Exclude all pictures from your copy of the data below, which should otherwise match exactly.
======== Entries shown
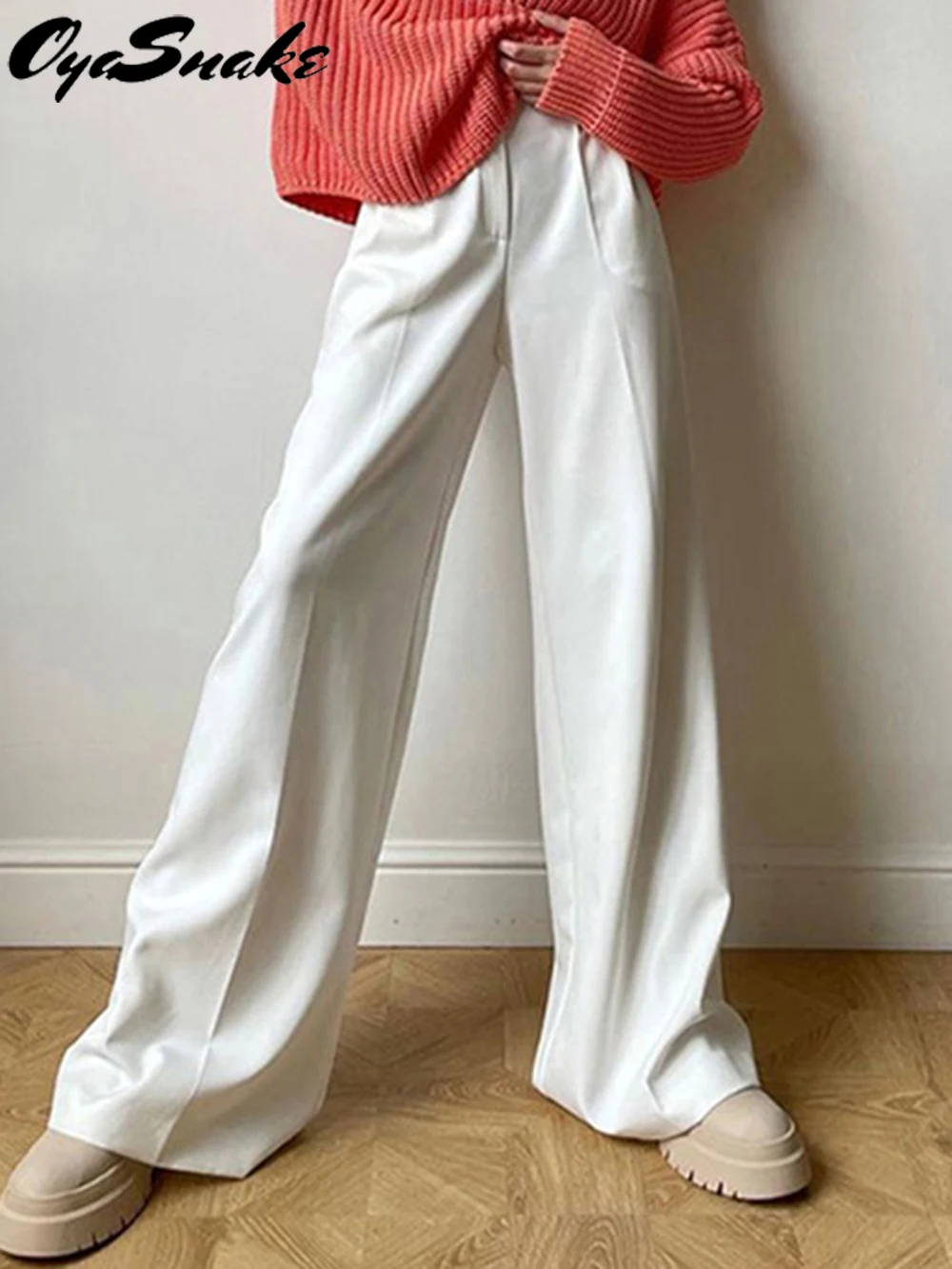 Oyasnake 2022 Fashion Office Women Pants Wide Up Casual Pleated Female Spring New High Waist Floor-Length Loose Trousers
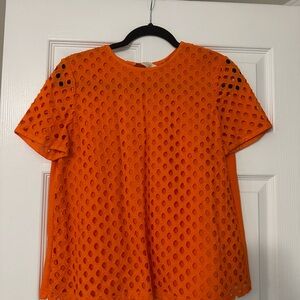 Tory Burch Vibrant Orange Eyelet Blouse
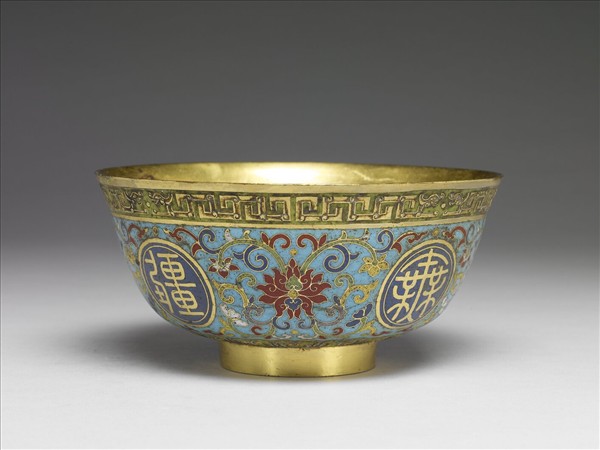 掐絲琺瑯萬壽無疆碗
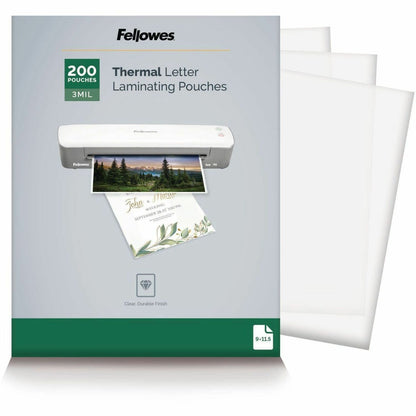 Fellowes Letter-Size Thermal Laminating Pouches - Sheet Size Supported: Letter 8.50" Width x 11" Length - 200 / Pack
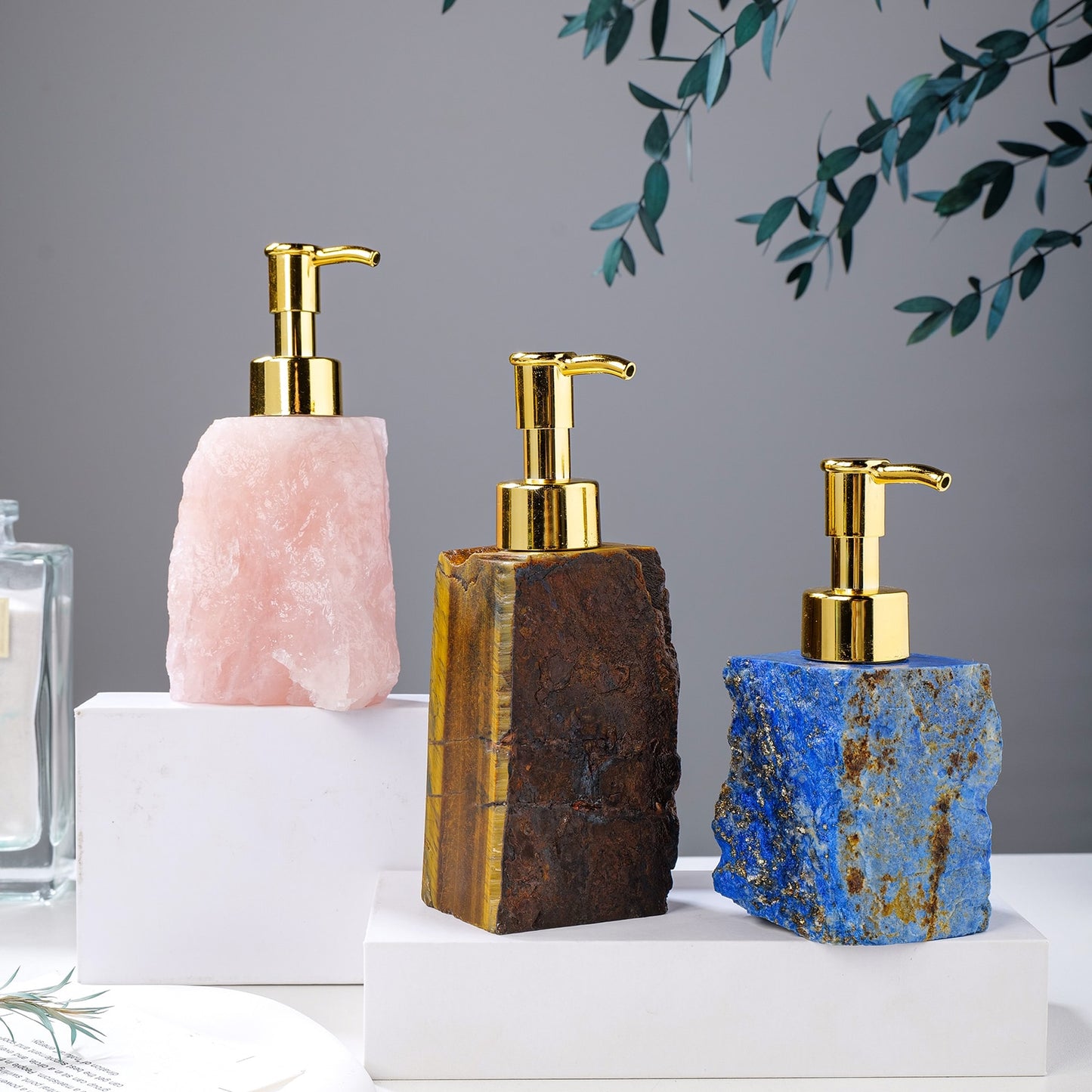 Natural Raw Stone & Rose Quartz Crystal Soap Dispenser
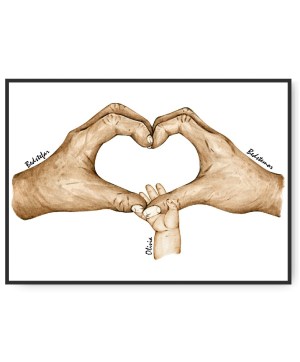 Bedsteforældre hjerte - Bedstemor, bedstefar og 1 barnebarn, valgfrie navne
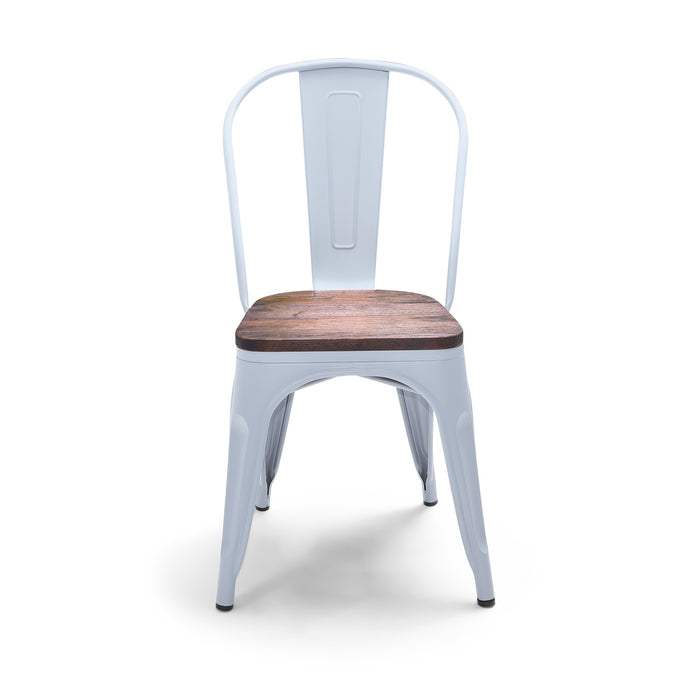 Sofia - Set di 4 sedie in metallo con seduta in legno massello, stile industriale, colore pastello blu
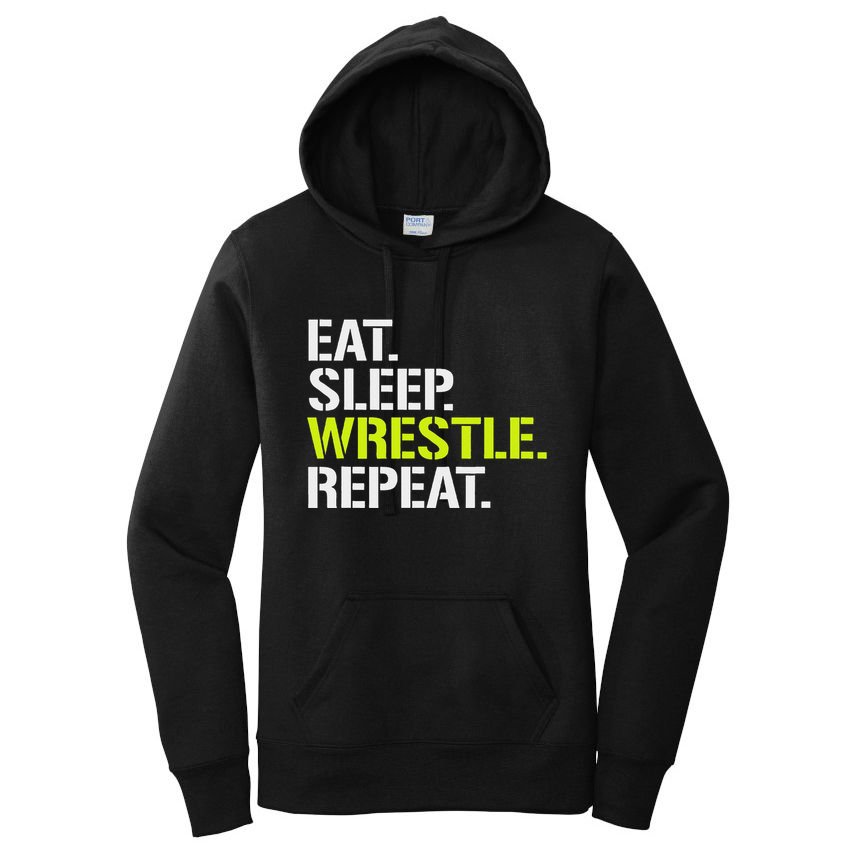 Eat Sleep Wrestle Repeat Cool Wrestling Women's Pullover Hoodie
================
### Solved problem
 Oyasnake 2022 Fashion Office Women Pants Wide Up Casual Pleated Female Spring New High Waist Floor-Length Loose Trousers
 Tory Burch Vibrant Orange Eyelet Blouse
 掐絲琺瑯萬壽無疆碗
 Fellowes Letter-Size Thermal Laminating Pouches - Sheet Size Supported: Letter 8.50" Width x 11" Length - 200 / Pack
 Natural Raw Stone & Rose Quartz Crystal Soap Dispenser
 Bedsteforældre hjerte - Bedstemor, bedstefar og 1 barnebarn, valgfrie navne
 Sofia - Set di 4 sedie in metallo con seduta in legno massello, stile industriale, colore pastello blu
 Eat Sleep Wrestle Repeat Cool Wrestling Women's Pullover Hoodie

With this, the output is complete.